6 images that mattered

0
184

1. North Carolina December 17, 1903
The Wright brothers’ first flight. Wilbur was running alongside the plane; Orville was flying it. No one would have believed their achievement if it hadn’t been photographed.
2. Tiananmen Square protest by Jeff Widener, 1989
The government sent tanks to brutally kill hundreds of workers, students and children in a crackdown on the protest at Tiananmen Square. A small, unknown, unexceptional figure stood bravely in protest in front of the tanks. As TIME magazine reported it, he “revived the world’s image of courage”. It is when history disguises itself as allegory that the camera writes it best.

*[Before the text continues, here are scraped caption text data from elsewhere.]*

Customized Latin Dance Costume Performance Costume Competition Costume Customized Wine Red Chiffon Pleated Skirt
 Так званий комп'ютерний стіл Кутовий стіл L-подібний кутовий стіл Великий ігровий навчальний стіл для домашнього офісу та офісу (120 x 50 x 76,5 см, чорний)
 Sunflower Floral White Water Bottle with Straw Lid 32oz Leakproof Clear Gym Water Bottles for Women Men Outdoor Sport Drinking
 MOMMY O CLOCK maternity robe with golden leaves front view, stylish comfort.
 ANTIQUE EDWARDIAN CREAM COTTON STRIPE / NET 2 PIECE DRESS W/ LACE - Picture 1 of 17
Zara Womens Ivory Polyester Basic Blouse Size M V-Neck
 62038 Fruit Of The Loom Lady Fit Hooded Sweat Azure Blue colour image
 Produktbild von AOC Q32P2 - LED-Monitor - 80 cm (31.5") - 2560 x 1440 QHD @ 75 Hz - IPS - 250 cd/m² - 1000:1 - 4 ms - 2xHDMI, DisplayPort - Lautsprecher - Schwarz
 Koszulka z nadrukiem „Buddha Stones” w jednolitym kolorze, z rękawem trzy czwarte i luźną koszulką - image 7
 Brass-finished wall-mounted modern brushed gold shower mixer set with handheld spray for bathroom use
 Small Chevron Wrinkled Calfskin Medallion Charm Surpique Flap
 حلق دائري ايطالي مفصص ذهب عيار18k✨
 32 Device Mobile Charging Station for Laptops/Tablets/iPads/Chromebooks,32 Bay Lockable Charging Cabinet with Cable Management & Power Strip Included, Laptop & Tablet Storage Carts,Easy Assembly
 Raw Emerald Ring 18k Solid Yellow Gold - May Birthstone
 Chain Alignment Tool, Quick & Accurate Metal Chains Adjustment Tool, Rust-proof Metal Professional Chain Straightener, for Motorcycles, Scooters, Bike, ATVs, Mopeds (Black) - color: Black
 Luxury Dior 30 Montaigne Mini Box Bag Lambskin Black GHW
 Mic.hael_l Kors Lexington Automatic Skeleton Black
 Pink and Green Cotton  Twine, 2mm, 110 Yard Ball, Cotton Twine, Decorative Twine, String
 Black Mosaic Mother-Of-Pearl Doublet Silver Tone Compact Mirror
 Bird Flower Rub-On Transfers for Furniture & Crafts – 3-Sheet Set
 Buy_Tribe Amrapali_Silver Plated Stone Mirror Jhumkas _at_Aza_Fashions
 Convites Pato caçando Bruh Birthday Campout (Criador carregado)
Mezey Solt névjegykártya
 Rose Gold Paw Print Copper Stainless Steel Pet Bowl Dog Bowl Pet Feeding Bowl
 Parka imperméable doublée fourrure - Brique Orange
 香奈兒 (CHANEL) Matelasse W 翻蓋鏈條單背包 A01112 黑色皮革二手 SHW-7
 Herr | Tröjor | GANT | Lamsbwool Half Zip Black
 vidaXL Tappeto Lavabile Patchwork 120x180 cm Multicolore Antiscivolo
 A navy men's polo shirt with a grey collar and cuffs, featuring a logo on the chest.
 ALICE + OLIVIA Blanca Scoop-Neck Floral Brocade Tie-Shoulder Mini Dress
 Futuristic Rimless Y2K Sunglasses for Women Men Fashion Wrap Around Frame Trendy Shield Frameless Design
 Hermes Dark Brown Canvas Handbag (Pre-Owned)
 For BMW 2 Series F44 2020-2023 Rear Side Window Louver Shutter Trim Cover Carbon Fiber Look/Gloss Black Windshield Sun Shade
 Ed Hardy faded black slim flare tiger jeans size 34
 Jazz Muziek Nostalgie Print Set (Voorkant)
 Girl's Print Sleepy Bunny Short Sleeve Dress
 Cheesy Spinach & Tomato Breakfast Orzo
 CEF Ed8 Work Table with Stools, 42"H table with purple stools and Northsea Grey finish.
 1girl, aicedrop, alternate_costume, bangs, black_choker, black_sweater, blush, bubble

3. Vietnam February 1, 1968
Eddie Adams snapped Nguyen Ngoc
Loan executing Viet Cong Captain Nguyen
Van Lem. The picture turned the public
against the war.
4. Nagasaki August 9, 1945
The US Air Force took this photo of a mushroom cloud caused by its atomic bomb, Fat Man. It, along with another bomb dropped on Hiroshima, caused 150,000 deaths. The public had never seen an atomic bomb’s destruction before, and this picture made the world fearful of another World War.
5. Sudan 1994
Kevin Carter shot this Pulitzer Prize-winner of a child crawling to a UN food camp half a mile away in Sedan. Depressed, Carter committed suicide three months after taking this picture. The image brought the Sudan tragedy to the world.
6. Abu Gharib Prison 2004
Horrific pictures taken by the US Army were unveiled in The New Yorker and in a 60 Minutes episode. They showed American soldiers torturing Iraq prisoners. After the images were made public, 17 American soldiers were removed from duty; 11 were convicted and dishonorably discharged. The pictures showed Americas’ hypocrisy; their soldiers were as inhumane as those they were fighting in the War on Terror.